* **Exercise prompt**: Leaving out all pictures, reproduce the entries below exactly, from the first line through the line that contains "Image 3 from".

* **The data**:
# # # # # # #

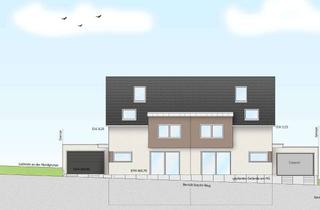 Haus mieten in Bertolt-Brecht-Weg 57, 71116 Gärtringen, Exklusive-Doppelhaushälfte - Neubau mit gehobener Ausstattung in Gärtringen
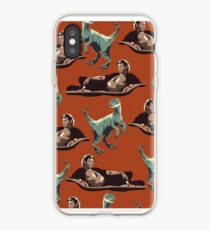 Vinilo o funda para iPhone Genios jurásicos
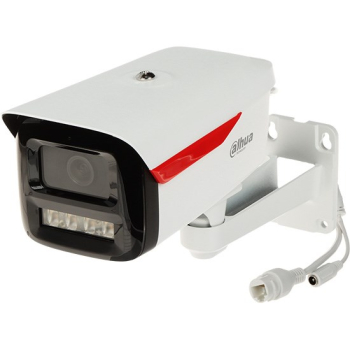 Kamera IP IPC-HFW2249M-S-LED-0360B WizSense WizColor 3.6 mm DAHUA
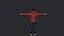 Ryan Gosling  Hyper Realistic Full Body Fully Rigged Character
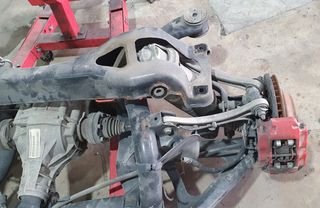 VENDO MECANICA TRASERA PORSCHE CAYENNE 
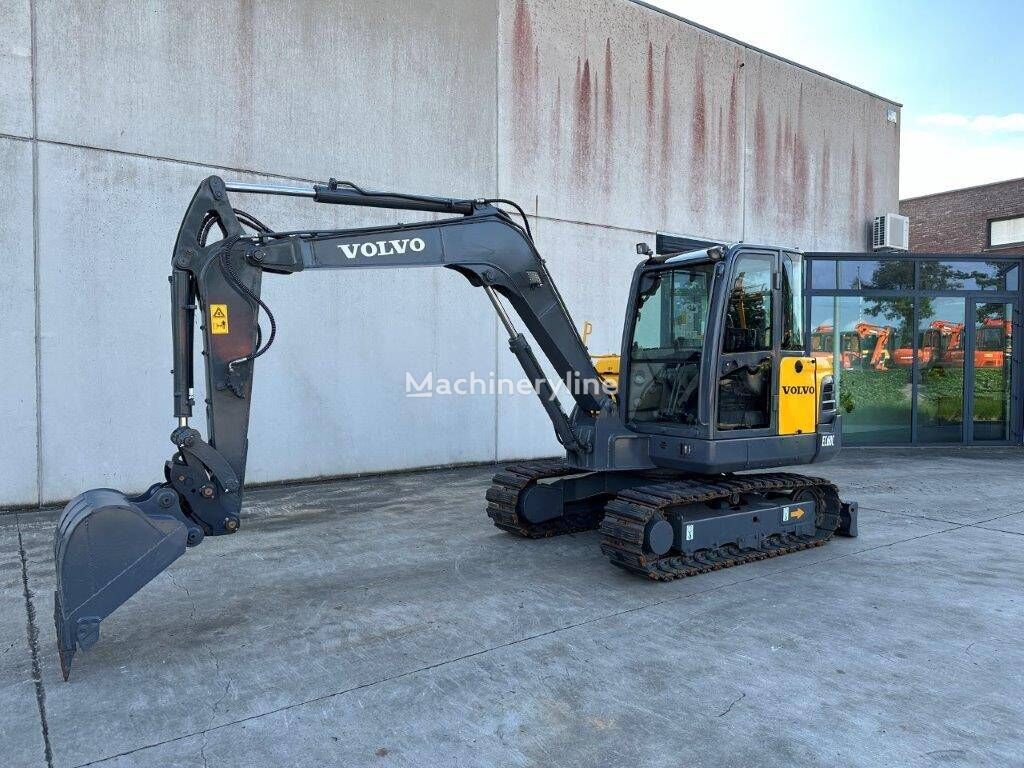 гусеничный экскаватор Volvo EC60C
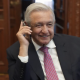El Presidente de la República Mexicana, Andrés Manuel López Obrador, sostuvo una conversación telefónica con Jean-Luc Mélenchon, candidato a la presidencia de Francia en las últimas elecciones.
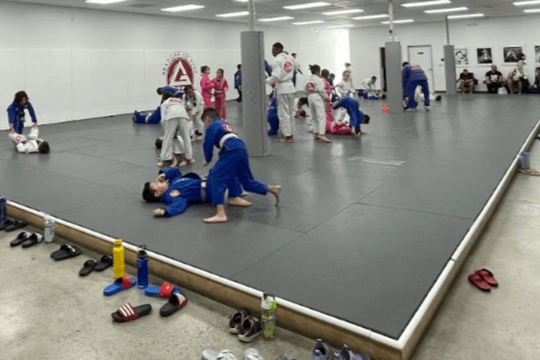Image 3 from Gracie Barra Northridge partner gallery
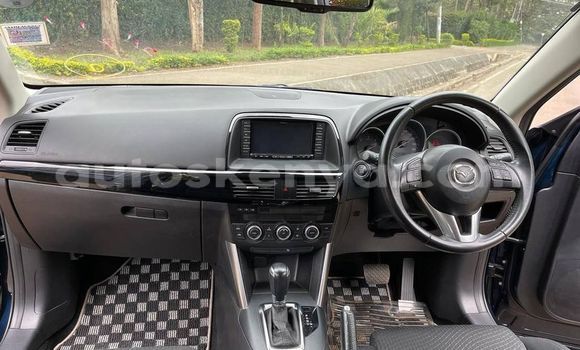 Buy Used Mazda CX-5 Blue Car in Nairobi in Nairobi Buy Used Mazda CX-5 Blue Car in Nairobi in Nairobi
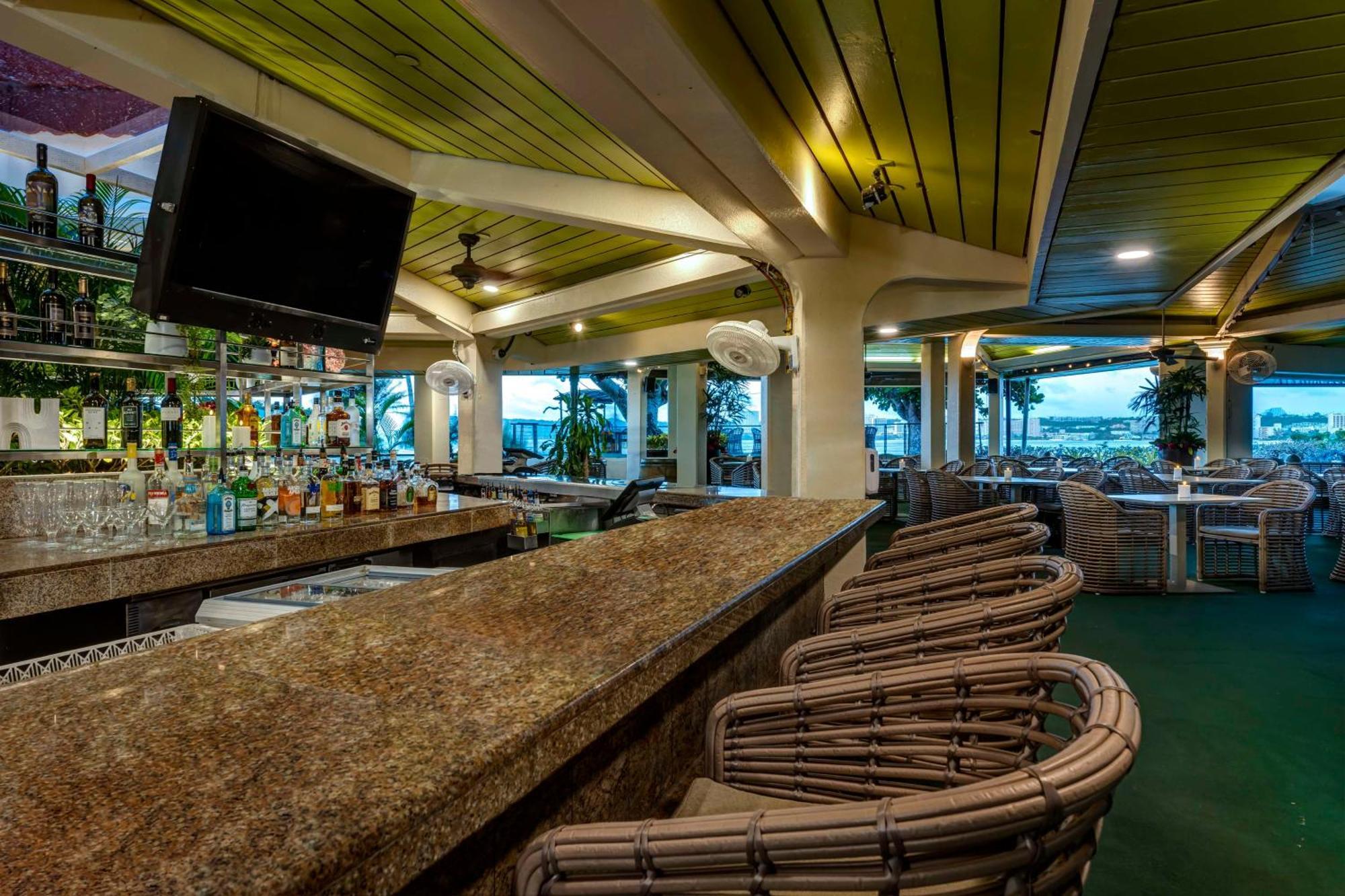 Hilton Guam Resort & Spa Tumon Luaran gambar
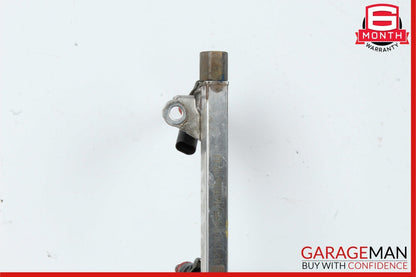 05-12 Mercedes R350 E350 ML350 Fuel Injector Rail Engine Frame Rack 2720700995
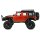 Amewi 22652 AMXRock Crosstrail Crawler 4WD 1:10 ARTR Rot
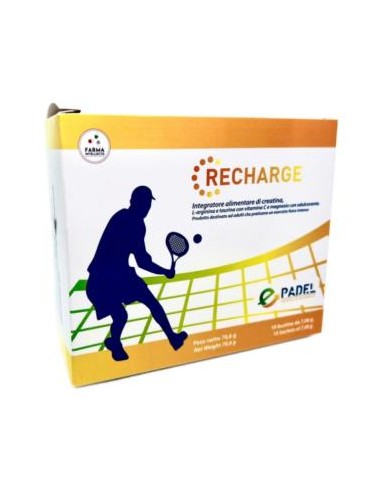 EPADEL RECHARGE 10sbrs.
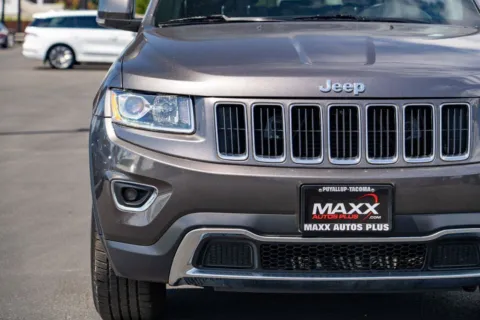 More photos of 2014 Jeep Grand Cherokee Limited at Maxx Autos Plus Puyallup, WA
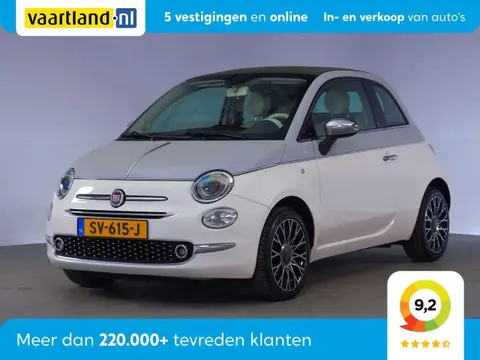 Used FIAT 500C Petrol 2018 Ad 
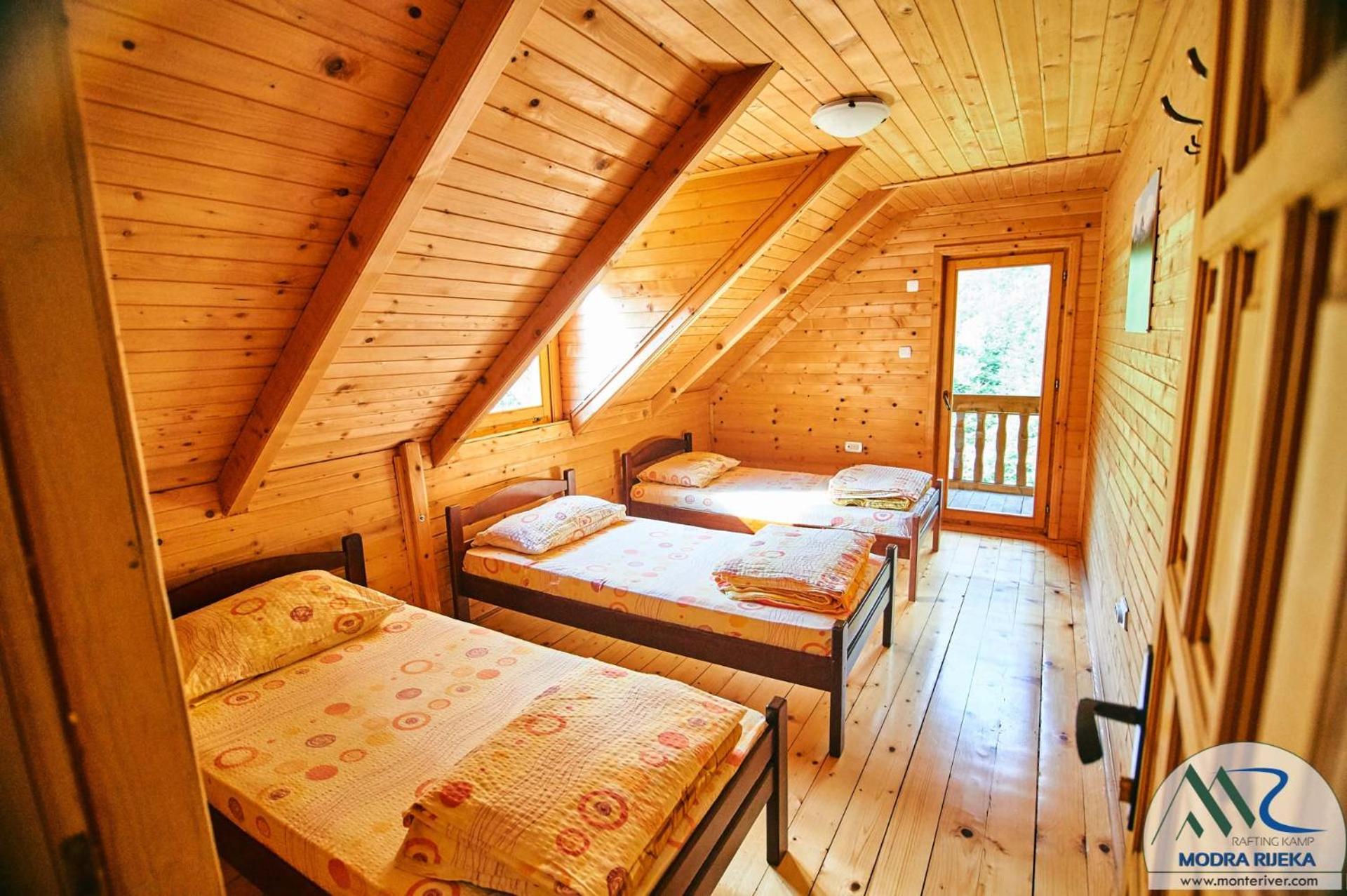 Rafting Camp Modra Rijeka Hotel Scepan-Polje Luaran gambar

# # # # # # #

* **The completed task**:
 Haus mieten in Bertolt-Brecht-Weg 57, 71116 Gärtringen, Exklusive-Doppelhaushälfte - Neubau mit gehobener Ausstattung in Gärtringen
 Vinilo o funda para iPhone Genios jurásicos
 Kamera IP IPC-HFW2249M-S-LED-0360B WizSense WizColor 3.6 mm DAHUA
 Ryan Gosling  Hyper Realistic Full Body Fully Rigged Character
 VENDO MECANICA TRASERA PORSCHE CAYENNE 
 гусеничный экскаватор Volvo EC60C
El Presidente de la República Mexicana, Andrés Manuel López Obrador, sostuvo una conversación telefónica con Jean-Luc Mélenchon, candidato a la presidencia de Francia en las últimas elecciones.
Image 3 from Gracie Barra Northridge partner gallery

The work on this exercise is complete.